2012-11-04 01:25 AM
Hello,
I am experiencing some troubles recently with floating point calculation within interrupts. I have a dma interrupt running at 400 Khz in double buffer mode. I have an usart RX interrupt coming at 50 Hz. the 400khz interrupt will drive and RGB barled very smoothly. The 50Hz interrupts decodes an RC Radio signal. the 400Khz interrupt has higher priority than the 50 Hz one. in the 50Hz interrupt, I am retrieving integer values that I wanted to scale to 0 -> 100%. If I do the floating point calculation which is basic : Y = (a - offset) / Scale, this results in a very strange behaviour (Scale and offset are constant non zero values ). My whole main loop is very much slowed (from 30hz to 2Hz). Is there any issue with using floating point calculation within interrupts? The same calculation done in the main loop will not cause any issue.2012-11-04 01:59 AM
there is no restriction to use FPU in ISR.
using FPU in an ISR adds some latency for ISR entry/exit. FPU frame has to be saved/restored before starting the processing.disabling the FPU context save/restore can reduce the latencies if not used any where else.maybe you can share the disassembly of the ISR to check if HW /or SW single precision operation is used.2012-11-04 11:46 PM
You did not mention that you actually use an uC with FPU, say, a F3 or F4.
If not so, take a look at the assembler code. The called library routines will definitely take longer than 2.5us. I rather suggest to invest some minutes and solve your scaling in the integer realm. Multiply by 100 or 1000, do your scaling, and than divide again.2012-11-13 03:20 AM
The lower end STM32 micros do not have floating point units, so all floating point calculations have to be performed via software libraries which makes these operations far slower than integer ones. The problem you are having is simply that the micro does not have enough time to complete the floating point operations before the next interrupt.
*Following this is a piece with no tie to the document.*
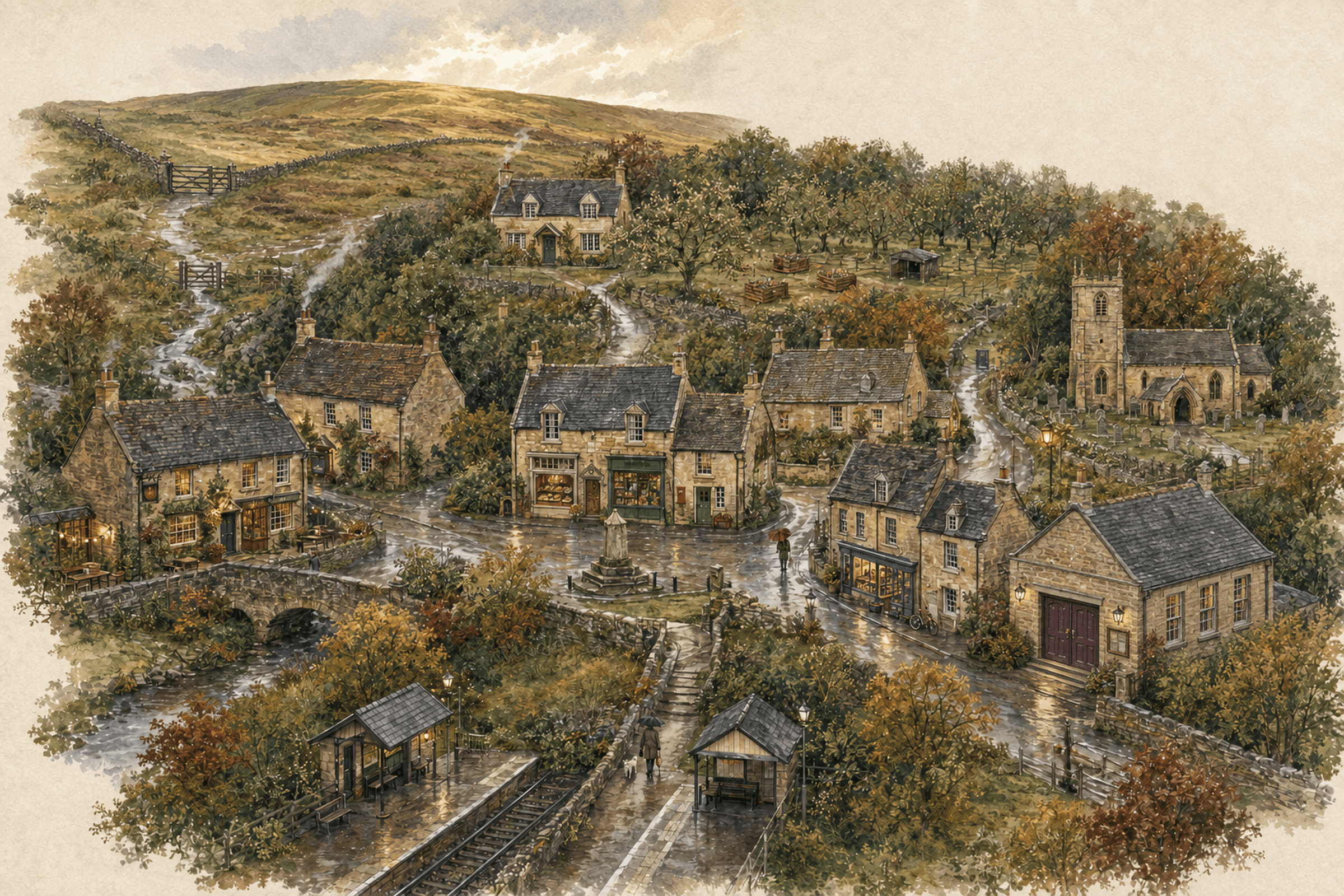 Illustrated map of Amberfell, from the station path to Alder House, Vale Orchard and Amber Fell.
It's nearly always possible to replace floating point operations with integer ones, certainly in the case of a simple scaling operation which would speed things up significantly. However, 400kHz is an extraordinarily fast rate for an interrupt to run at, and makes me think that you have a fundamental design issue. Why do you have to run this interrupt so fast? I have made smooth RGB LED faders on tiny 8 bit PICs without maxing out the CPU, so an STM32 should barely be running above idle.2012-11-13 04:28 AM
It's nearly always possible to replace floating point operations with integer ones, certainly in the case of a simple scaling operation which would speed things up significantly.
Maybe the initiator of this thread is a Mathlab/Simulink disciple ? That software produces nice models with an option to export as C code, but unfortunately uses floating point datatypes by default. The reality on FPU-less controllers is a little different than the model ... And for the speed up when using scaled integer - two orders of mangnitude are not uncommon.